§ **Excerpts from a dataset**
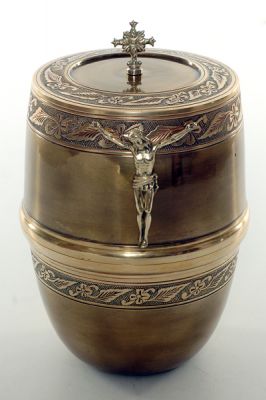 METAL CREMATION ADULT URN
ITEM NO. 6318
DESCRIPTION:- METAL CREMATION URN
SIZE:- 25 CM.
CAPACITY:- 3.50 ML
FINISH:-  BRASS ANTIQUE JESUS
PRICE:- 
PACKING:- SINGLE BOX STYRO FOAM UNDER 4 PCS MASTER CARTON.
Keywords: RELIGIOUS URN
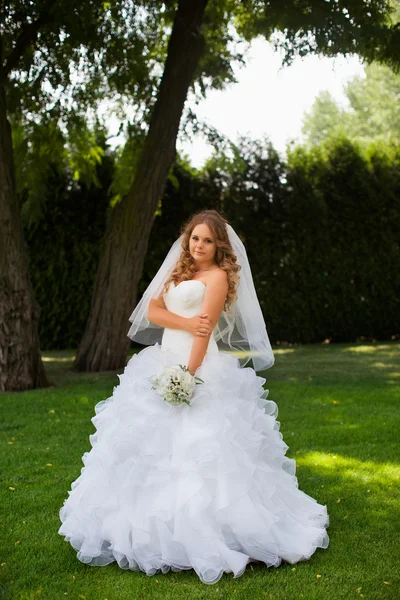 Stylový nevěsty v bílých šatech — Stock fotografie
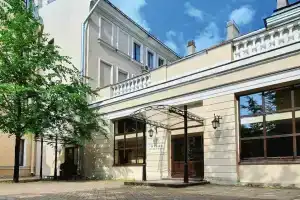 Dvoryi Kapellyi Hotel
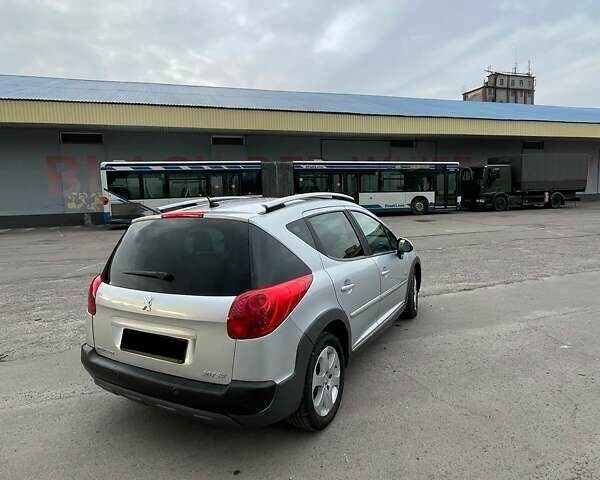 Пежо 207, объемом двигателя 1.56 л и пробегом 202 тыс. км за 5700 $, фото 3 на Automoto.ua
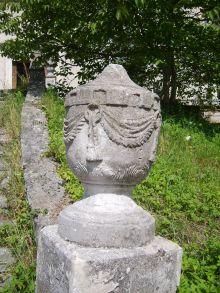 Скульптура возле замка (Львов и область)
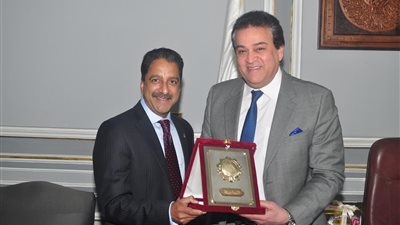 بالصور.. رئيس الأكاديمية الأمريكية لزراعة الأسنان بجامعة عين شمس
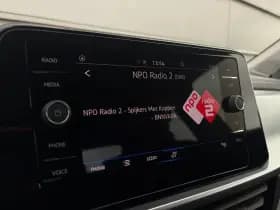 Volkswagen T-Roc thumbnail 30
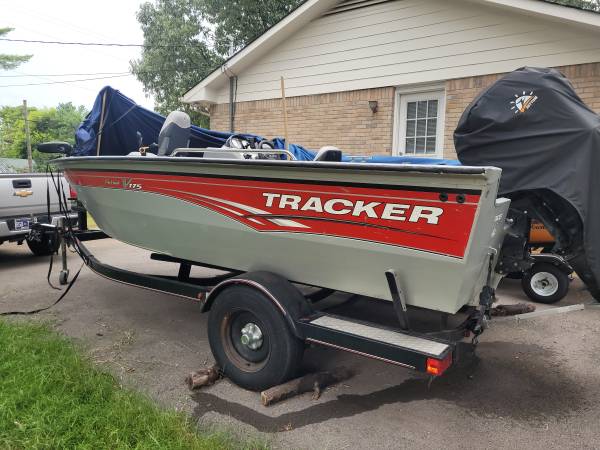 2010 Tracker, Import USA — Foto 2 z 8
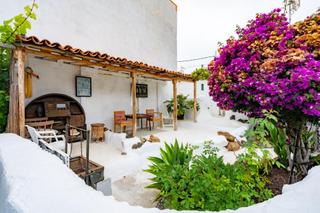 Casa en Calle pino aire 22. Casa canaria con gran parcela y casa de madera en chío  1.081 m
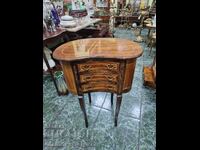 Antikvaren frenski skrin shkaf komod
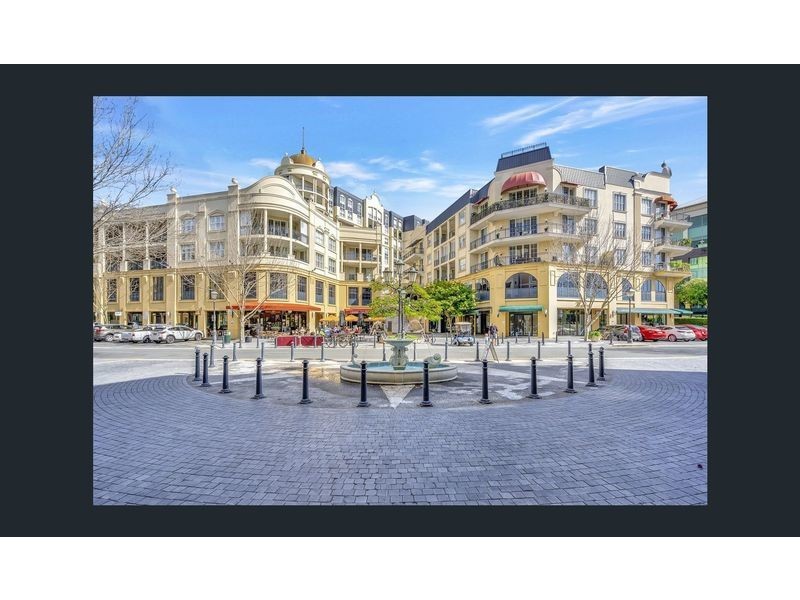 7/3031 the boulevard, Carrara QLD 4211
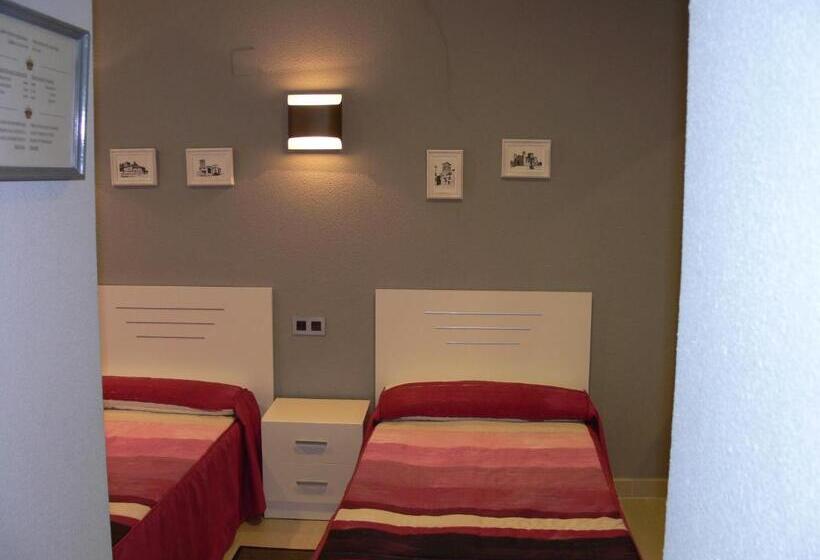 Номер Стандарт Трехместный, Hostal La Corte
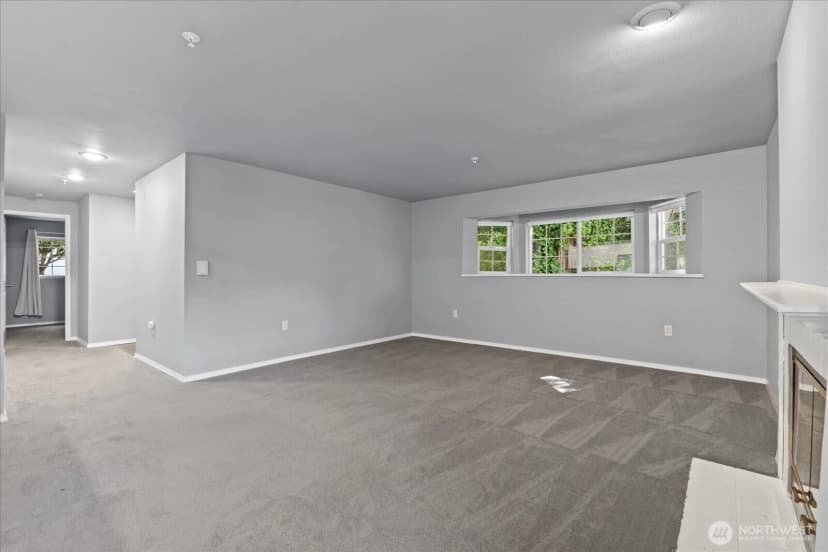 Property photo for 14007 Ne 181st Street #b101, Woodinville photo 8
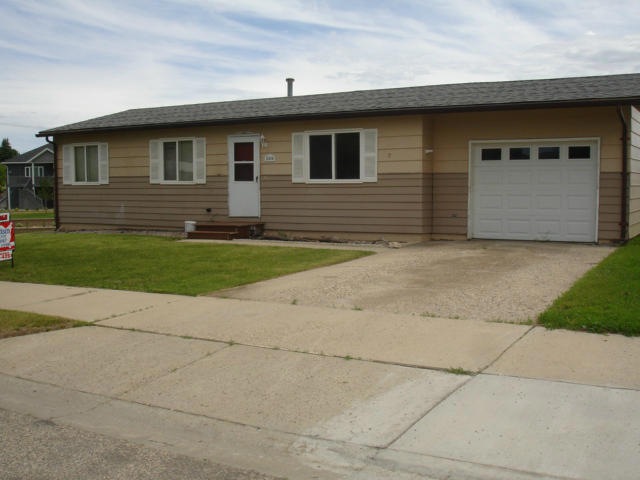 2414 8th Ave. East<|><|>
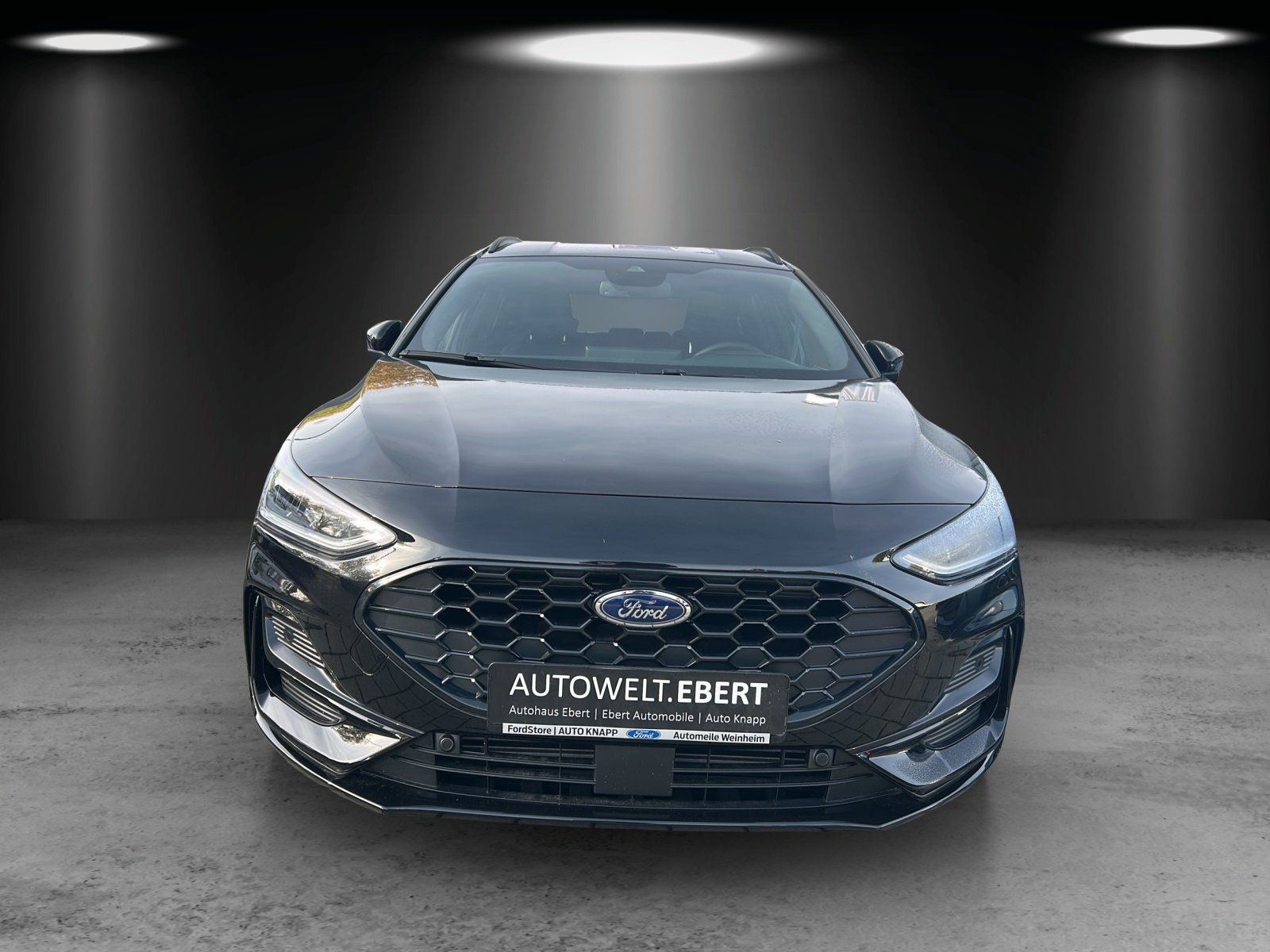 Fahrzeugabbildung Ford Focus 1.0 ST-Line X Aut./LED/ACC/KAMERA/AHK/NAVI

§ **Action item**
In the transcription, every picture is to be excluded and the records above given again exactly.

§ **Solution**
 METAL CREMATION ADULT URN
ITEM NO. 6318
DESCRIPTION:- METAL CREMATION URN
SIZE:- 25 CM.
CAPACITY:- 3.50 ML
FINISH:-  BRASS ANTIQUE JESUS
PRICE:- 
PACKING:- SINGLE BOX STYRO FOAM UNDER 4 PCS MASTER CARTON.
Keywords: RELIGIOUS URN
 Stylový nevěsty v bílých šatech — Stock fotografie
 Dvoryi Kapellyi Hotel
 Пежо 207, объемом двигателя 1.56 л и пробегом 202 тыс. км за 5700 $, фото 3 на Automoto.ua
 Скульптура возле замка (Львов и область)
 بالصور.. رئيس الأكاديمية الأمريكية لزراعة الأسنان بجامعة عين شمس
 Volkswagen T-Roc thumbnail 30
 2010 Tracker, Import USA — Foto 2 z 8
 Casa en Calle pino aire 22. Casa canaria con gran parcela y casa de madera en chío  1.081 m
 Antikvaren frenski skrin shkaf komod
 7/3031 the boulevard, Carrara QLD 4211
 Номер Стандарт Трехместный, Hostal La Corte
 Property photo for 14007 Ne 181st Street #b101, Woodinville photo 8
 2414 8th Ave. East<|><|>
 Fahrzeugabbildung Ford Focus 1.0 ST-Line X Aut./LED/ACC/KAMERA/AHK/NAVI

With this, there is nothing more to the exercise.